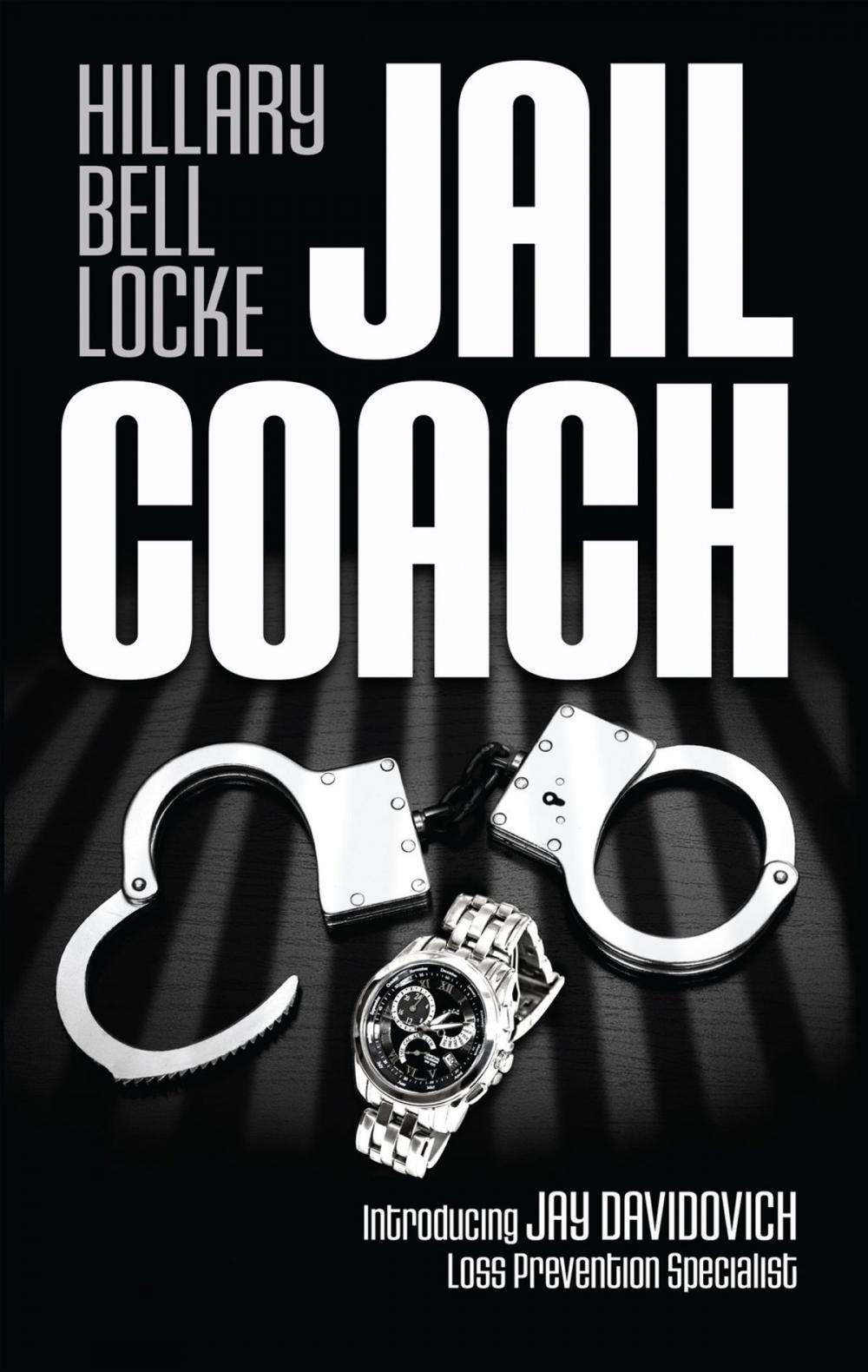 Big bigCover of Jail Coach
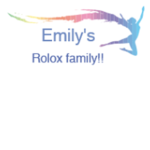 Emily's Roblox Family!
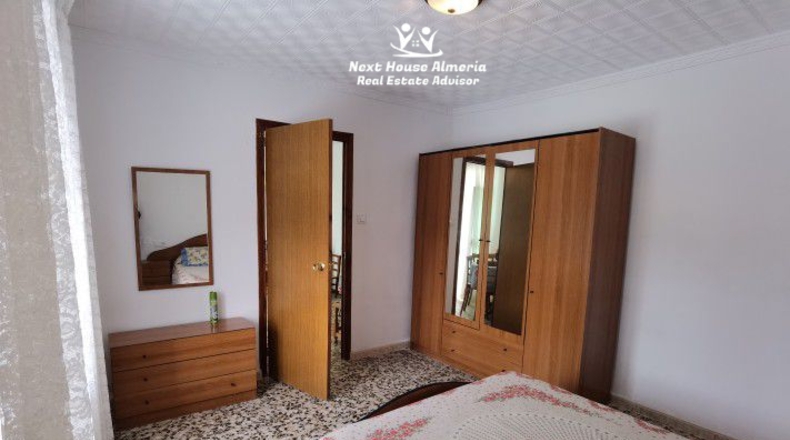 Almería - Albox - 450m2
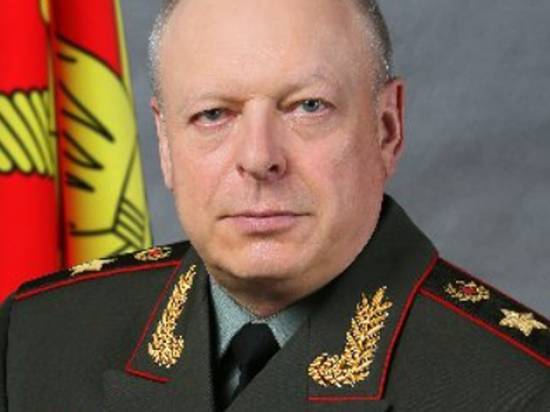 Генерал Олег Салюков рассказал, чем удивит парад к 75-летию Победы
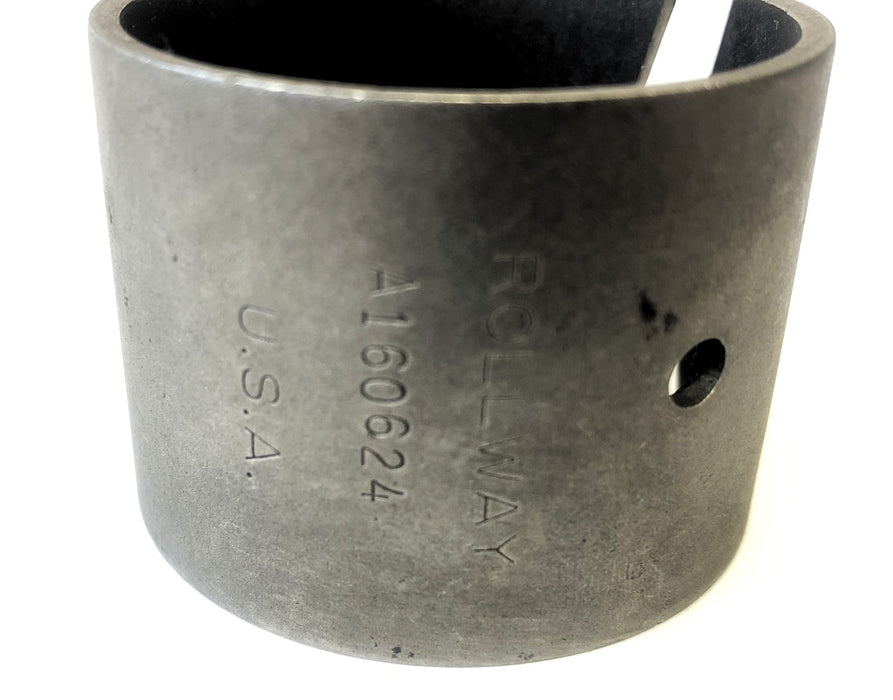Rollway Split Outer Race A160624 NOS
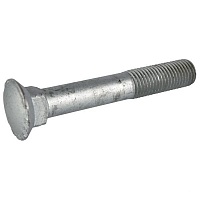 3015741 Lemken Болт с потайной головкой.M16x105-10.9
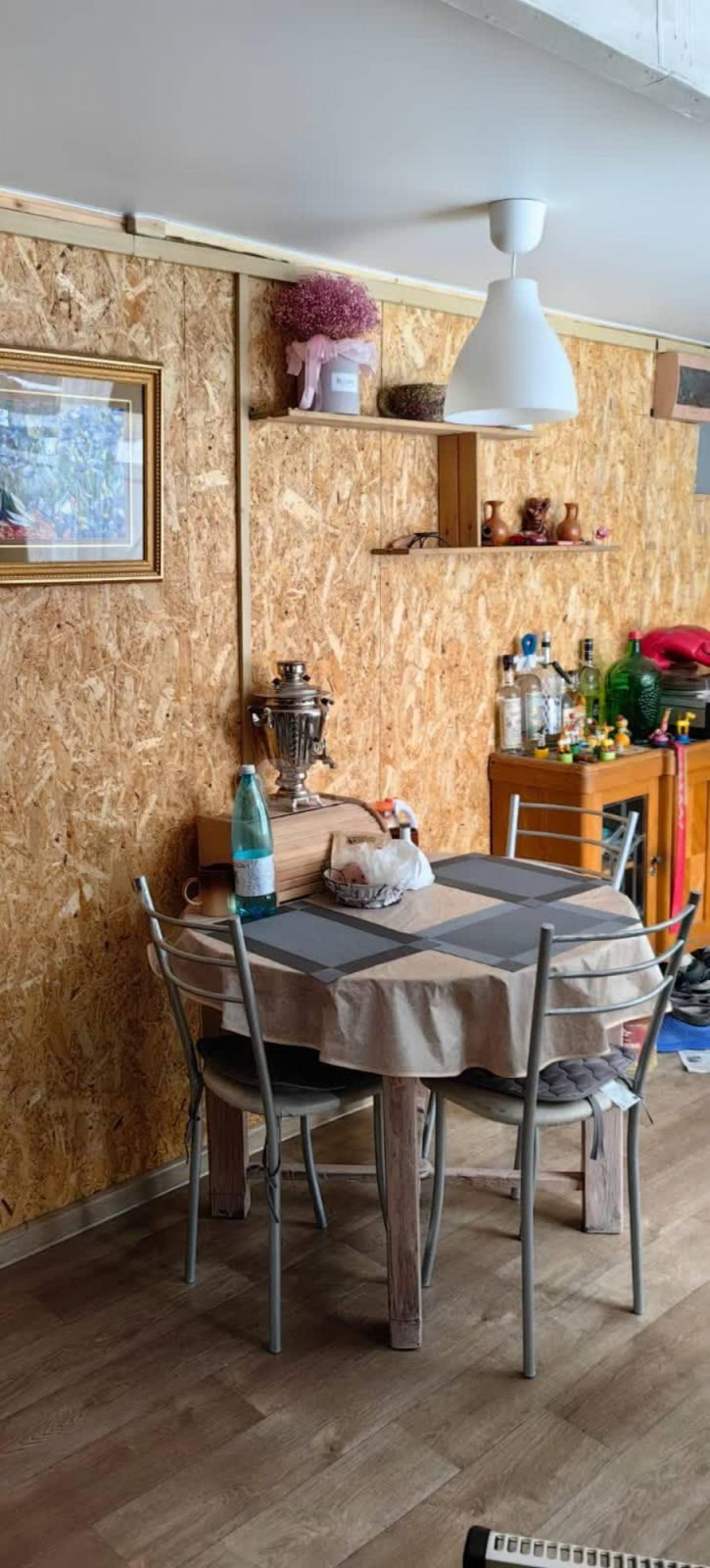 Коттедж/дом СНТ Запад, 40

*WORK ORDER*. Repeat the line containing "Генерал Олег Салюков" and every line after it up to the end of the material above, exactly as they stand, minus the pictures.

*TASK OUTPUT*.
 Генерал Олег Салюков рассказал, чем удивит парад к 75-летию Победы
Rollway Split Outer Race A160624 NOS
 3015741 Lemken Болт с потайной головкой.M16x105-10.9
 Коттедж/дом СНТ Запад, 40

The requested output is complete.